[% setvar title Getting Data Into Unicode Is Not Our Problem %]

This file is part of the Perl 6 Archive

Note: these documents may be out of date. Do not use as reference!

To see what is currently happening visit http://www.perl6.org/

TITLE

Getting Data Into Unicode Is Not Our Problem

VERSION

  Maintainer: Simon Cozens <simon@brecon.co.uk>
  Date: 25 Sep 2000
  Mailing List: perl6-internals@perl.org
  Number: 296
  Version: 1
  Status: Developing

ABSTRACT

Forget iconv, ICU, Encode, tcs and all that. Rule them out of scope, and we don't have to worry about them.

DESCRIPTION

One thing we've been pushing ahead with for 5.7.0 is character encoding translation support. Now, there are a bunch of libraries out there which already do this, and I mentioned some of them in the abstract. Choosing one of them is going to be problematic, because there'll always be users that won't have it; writing our own is Not Fun.

We can sidestep the whole issue by not even claiming to provide any character encoding support.
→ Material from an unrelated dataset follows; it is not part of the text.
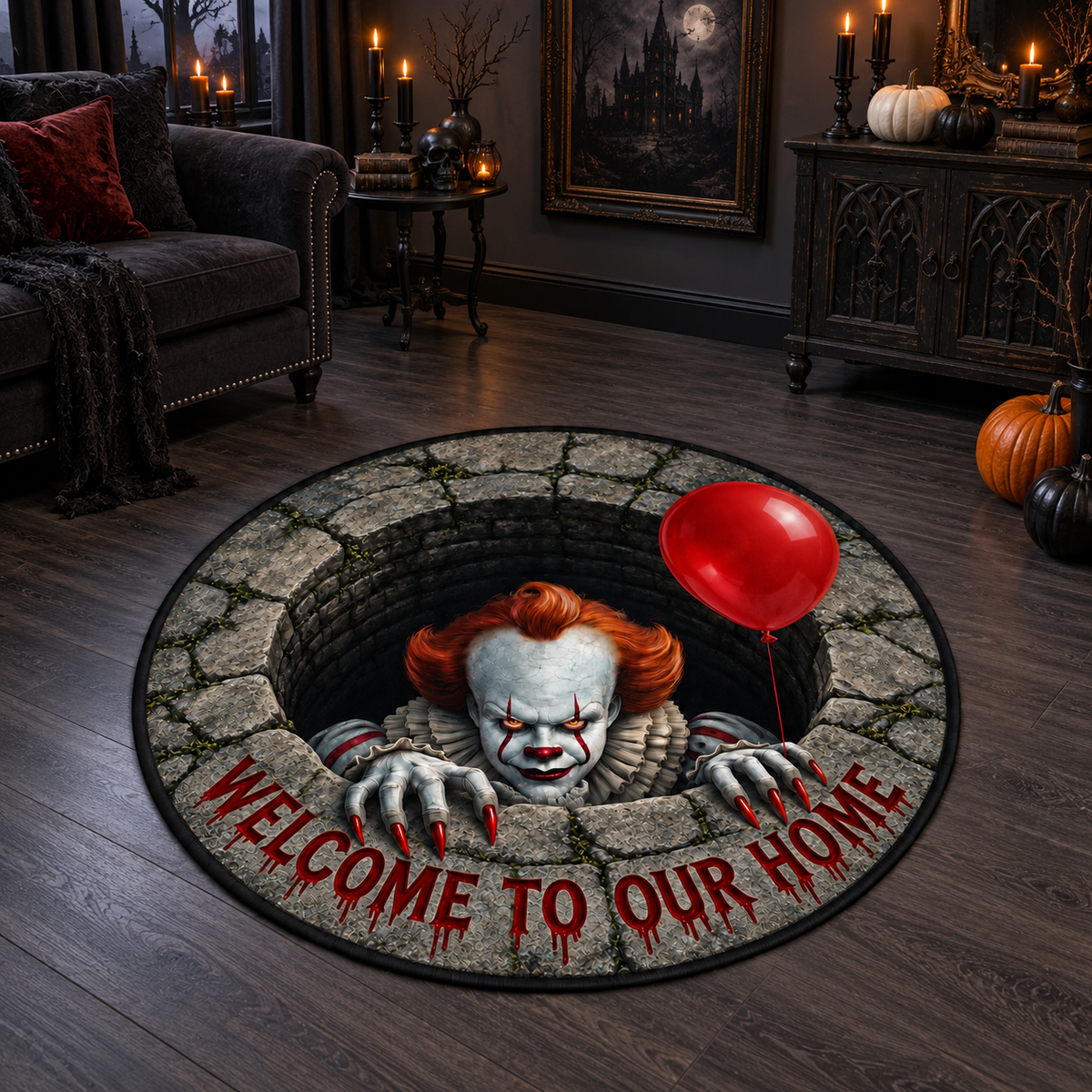 Pennywise 3D Well Velvet Carpet, Halloween Horror Round Area Rug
Let's say that we're happy to convert ISO8859-1 into Unicode, since that's relatively trivial, but if the user's got anything more exotic, they have to provide us with Unicode themselves through the line discipline method.
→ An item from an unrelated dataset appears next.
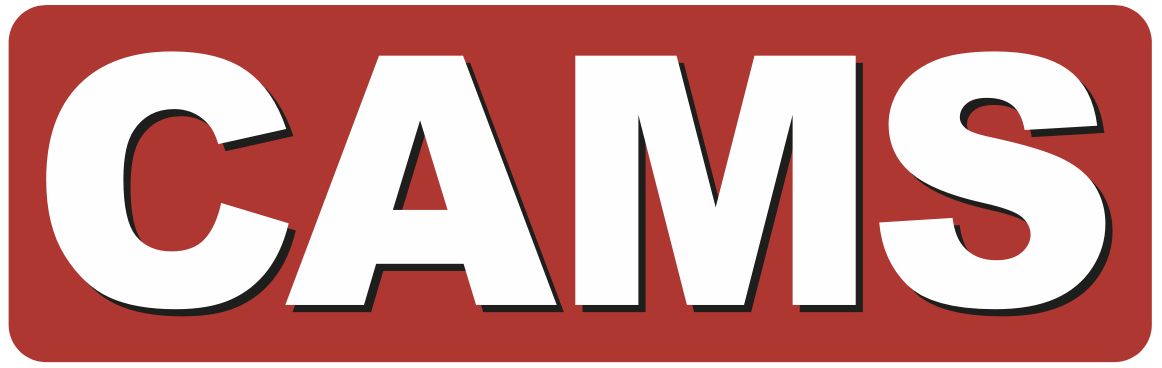 Red background with the word 'CAMS' in large white and black outlined letters.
This means that they can grab, from CP6AN or elsewhere, modules which support the conversion libraries they have currently installed, or, if they don't have any, which perform the conversions that they want. (Such as the nascent Encode module.)

This is economical for us, since we don't have to worry about encoding support; it's economical for the end user, since they can choose the library which best fits their needs.

IMPLEMENTATION

See RFC 311: Line Disciplines.

REFERENCES

The Encode module in bleadperl

RFC 311: Line Disciplines